A new version of Puccini that has without doubt fulfilled OperaUpClose‘s mission to ‘bring opera to audiences who ordinarily might avoid it.’ Set in a Dalston flat and the bar of an Upper Street pub, this is certainly a welcome surprise of a production and could be the first step of this little company truly bringing opera to the masses.

This is OperaUpClose’s first production, and after picking up an Olivier for best new opera and a Whatsonstage.com award for best Off-West End production, it’s safe to say that it’s gone pretty well. After debuting in December 2010 at the Cock Tavern in Kilburn, the run lasted 6 months, transferred to the Soho Theatre and then to the King’s Head Pub Theatre as the longest continuously performed opera in history. The initial budget was only £7,000 and all participants signed up for only a share of the (hardly anticipated) profits. This is certainly an opera that has been run on passion and a prayer, which is oddly fitting for a play revolving around a bunch of penniless bohemians who we first meet burning a manuscript for warmth.

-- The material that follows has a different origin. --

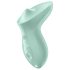 Satisfyer Exciterrr - Rotating Pearl Clitoral Vibrator (Green)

First I must make a confession. I am certainly no opera nut. I am a musicals lass through and through and have never made any real effort to see opera in the past, I was quite surprised to find that multiple casts rotate and that a full script was provided in the programme. However, as this makes me a prime candidate for OperaUpClose, I’ll not fret about it too much.

This was without doubt a fresh and relevant production. The script has been tweaked to refer to each location of the production, and the back room of the King’s Head, reminiscent of a rundown room in an old student union, with a thick layer of dust on the grand piano, seemed like an apt setting as the flat of the skint twenty-something bachelors. Being sung in English by a cast whose age reflects that of their characters has made this production youthful and accessible to a greater range of audience members. Peering around the auditorium to see a mix of pensioners and young fashionable Shoreditch-types showed just how democratic this version of opera can be.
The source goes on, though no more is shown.